# Module 09: *k*-Nearest Neighbors

**Student Name**: [Enter your name here]

**Date**: [Enter the date]

## Overview
The k-Nearest neighbor method is a type of instance based learning that uses existing data, with known labels, to predict the label for a new observation. The purpose of this exercise is to demonstrate the use of k-NN for classification using the [iris dataset](https://en.wikipedia.org/wiki/Iris_flower_data_set). 


## Instructions

#### Use the notebook: `k-NN.ipynb` to perform the following:
Question 1. Load and Inspect the data

Question 2. Perform the k-nn analysis using different values of k. Recommend which value is more appropriate and justify your response.

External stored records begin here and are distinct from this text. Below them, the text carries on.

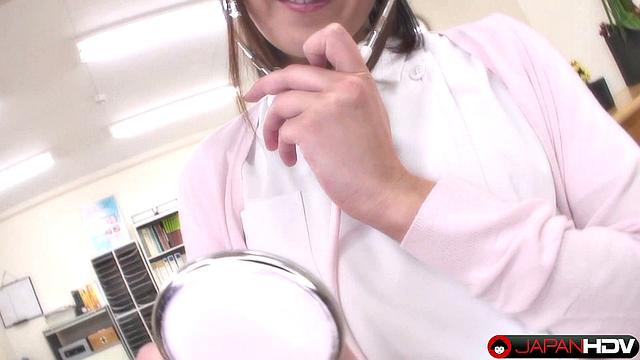 Mika Kojima is a cute nurse and she want take care of his patients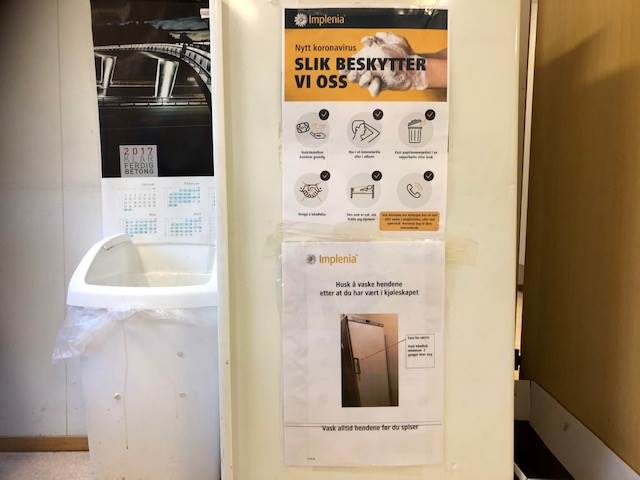Information & Hygiene: In addition to water, soap and disinfectants, our sanitary facilities also have all the information posters for protection against the new coronavirus.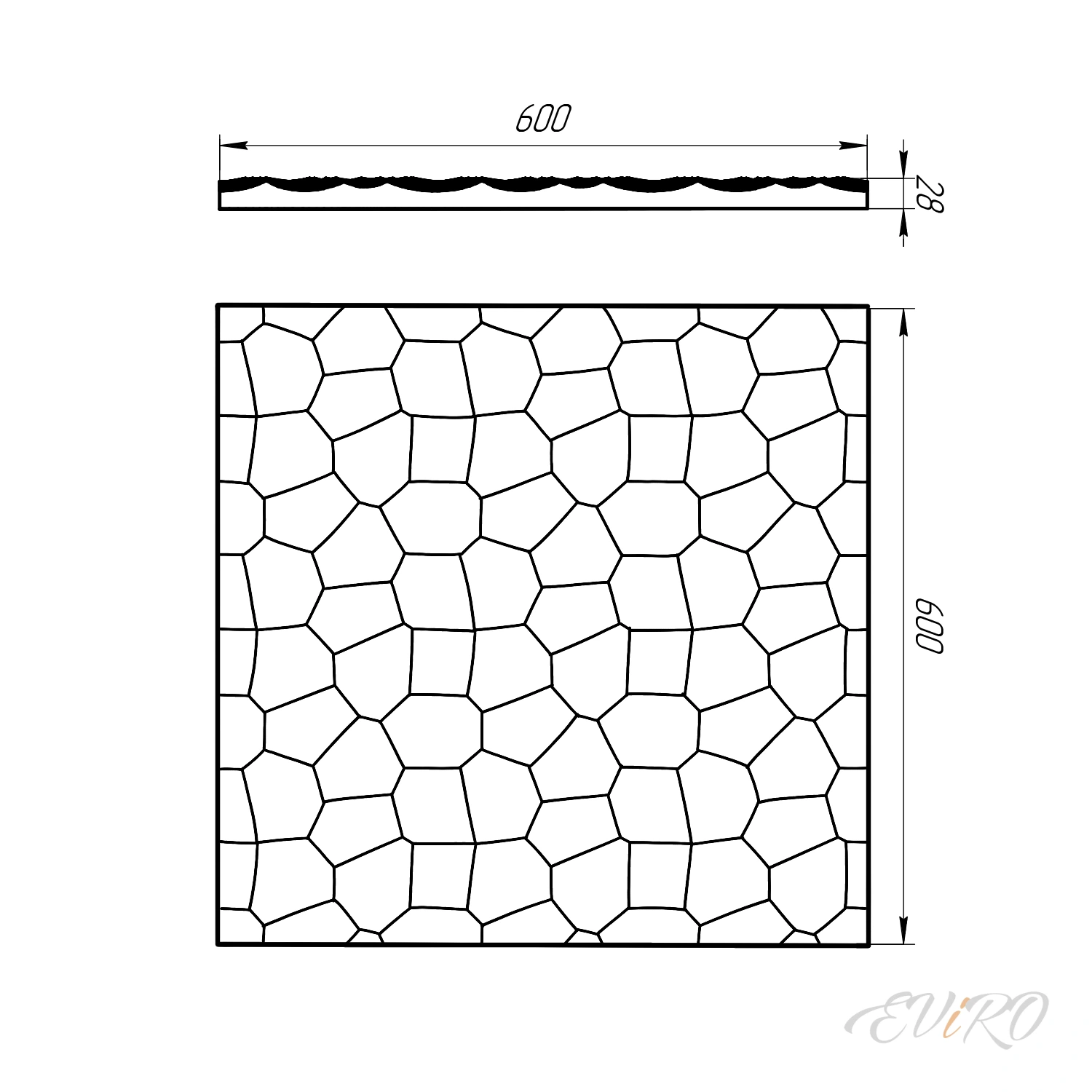 Гипсовая 3D панель EViRO Cells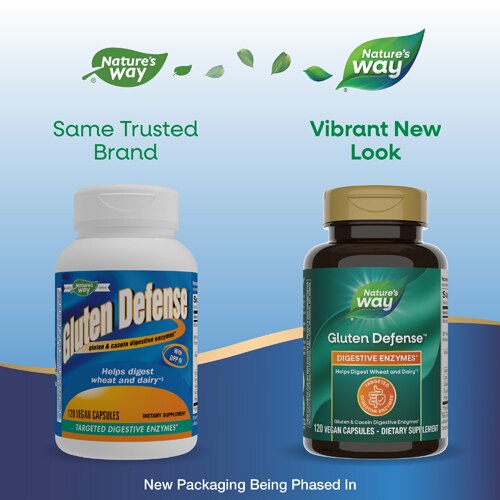 Nature's Way Gluten Defense - Targeted Digestive Enzymes -- 120 Vegan Capsules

Question 3. Evaluate the prediction accuracy of the k-nn model.

Question 4. Explore different metrics and data partitioning strategies.


### Submission Instructions

The `ipynb` format stores outputs from the last time you ran the notebook.  (When you open a notebook it has the figures and outputs of the last time you ran it too).  To ensure that your submitted `ipynb` file represents your latest code, make sure to give a fresh run `Kernel > Restart & Run All` just before uploading the `ipynb` file.

### Academic Integrity

**Writing your homework is an individual effort.**  You may discuss general python problems with other students but under no circumstances should you observe another student's code which was written for this assignment, from this year or past years.  Pop into office hours or DM us in MS Teams if you have a specific question about your work or if you would like another pair of eyes or talk through your code.

Don't forget to cite websites which helped you solve a problem in a unique way.  You can do this in markdown near the code or with a simple one-line comment. You do not need to cite the official python documentation.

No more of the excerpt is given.